Friday, September 21, 2007 at 6:42 am
John, You don’t think it’s significant that Abraham got two directly contradictory messages from God? That just doesn’t matter for the sake of this discussion?
Friday, September 21, 2007 at 6:42 am
John,
I’m not the one who wrote an article that in part depended on a very thin understanding of Lenin’s political philosophy. So, no thanks. My point is that you should work harder, not write shorter sentences.
You’re really still reading from the Penguin? You haven’t read the journal entries? Come on John! A little fucking rigor!
Friday, September 21, 2007 at 6:46 am
Anthony, You’re undermining The Cause here — Zizek doesn’t generally quote the Princeton editions either!
Friday, September 21, 2007 at 6:48 am
No that serves my point. If Zizek isn’t serious neither is Holbo.
Friday, September 21, 2007 at 7:08 am
Anthony: “I’m not the one who wrote an article that in part depended on a very thin understanding of Lenin’s political philosophy.” That poor person! Was he (or she - it could have been a she) ever found?
Adam, you don’t think it’s possible that Stalin ever felt he was getting mixed messages from History? (How the hell would I know he didn’t have a long dark night of the soul?) Then that would be relevant as well.

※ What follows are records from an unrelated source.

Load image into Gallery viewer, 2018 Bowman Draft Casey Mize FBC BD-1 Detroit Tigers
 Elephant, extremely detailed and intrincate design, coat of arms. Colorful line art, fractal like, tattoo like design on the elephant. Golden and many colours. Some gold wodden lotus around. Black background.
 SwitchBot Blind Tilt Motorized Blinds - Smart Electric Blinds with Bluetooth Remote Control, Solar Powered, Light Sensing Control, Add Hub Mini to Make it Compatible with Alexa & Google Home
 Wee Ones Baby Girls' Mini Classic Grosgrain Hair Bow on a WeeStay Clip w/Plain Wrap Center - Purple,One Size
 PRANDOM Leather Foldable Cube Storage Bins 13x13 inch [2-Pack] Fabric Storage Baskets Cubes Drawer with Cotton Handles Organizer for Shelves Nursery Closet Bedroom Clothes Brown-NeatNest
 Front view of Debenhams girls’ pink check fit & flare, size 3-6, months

Re: editions. I keep the Penguin at home, for early morning and late night reading, and the Princeton at school. I like the Penguin better. I don’t trust anyone who could think “Preliminary Expectoration” is a better translation than “Preamble From the Heart”. (Why not just call it ’spitting it out’?) With that sort of language, God only knows that I’ll find, and maybe before I finished my first cup of coffee. (Also, “Upbuilding Discourses” is silly, when ‘edifying’ would actually have the same etymology. So that’s Hong for you. But that’s a tale for another day.) Thanks, no. I’m with Zizek on this one.